驚異の個人能力! 名古屋を救ったジョー、説得力抜群の2ゴールと周囲の証言が示すその価値

2019年02月24日 今井雄一朗

開幕戦は危うく試合を持っていかれそうになったが…

開幕戦で早くも2ゴールを挙げたジョー。今季も大暴れしそうな雰囲気だ。写真:徳原隆元

[J1リーグ1節]鳥栖0-4名古屋/2月24日/駅スタ
 
 まさにJリーグに降り立った"フェノーメノ"である。鳥栖との開幕戦をアウェーで戦った名古屋は、試合の半分以上を苦戦していたにもかかわらず、結果としては4-0の大勝を収めた。

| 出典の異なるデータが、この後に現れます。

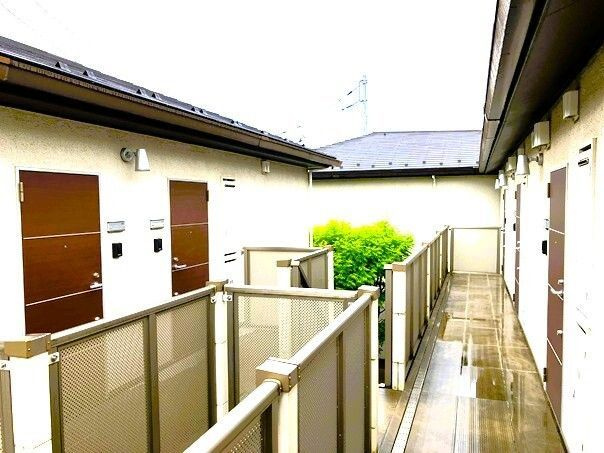 Casa Brunoのバルコニー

一度火が点いたら止まらない集団だということは昨季の夏を思い出すまでもなく、風間体制における名古屋の特徴だが、その"点火"に手間取ることも少なくないのが悩みどころ。しかし今の彼らには強い味方がいるのである。言わずと知れた元ブラジル代表にして昨年のリーグ得点王、FWジョーである。今季の開幕戦、危うく試合を持って行かれそうになったチームを救ったのは、紛れもなく彼の個人能力だった。
 
 今思えば明らかなウェイトオーバーだった昨季のことは以前にも書いたが、体重を絞っておけば大丈夫かと言えばそう簡単な話でもない。問題はストライカー、点取り屋としての能力や勘をどこまで研ぎ澄ますことができるか。それは公式戦が始まってみなければ分からない部分だからだ。また、単純なクロスやロングボールなどに頼らない名古屋のようなチームでは、自身の状態が良くてもチャンスボールが届けられないことだってままある。キャンプでの練習試合でもそういった場面は多々あり、公式戦になってみてどうか、という見方はやはりあった。
 
 そこに文字通りの一発回答を示してみせたのだから、やはり怪物である。前半から硬さが目立ち、鳥栖の守備的な試合展開にペースを合わせてしまった名古屋は、序盤から悪循環の連発で、後半になってもその傾向はなかなか改善されずにいた。守備陣の奮闘とランゲラックのビッグセーブによって、なんとか失点を免れてはいたものの、このままではどこかで…と思われた63分、右からの展開から丸山祐市が送り込んだ縦パスをうまく収めたジョーは、DFをブロックしつつターンし、左足を一閃。文章で書くほど簡単なシュートではない。しかし、彼はそのワンチャンスをものにして、チームに鼓動を取り戻させたのだった。
 
「あの先制点でガラッと変わって、チームが自信をもってやれるようになった」
 前半はボールを持つたびに、古巣サポーターからのブーイングに晒されていた吉田豊が、その価値を証言していた。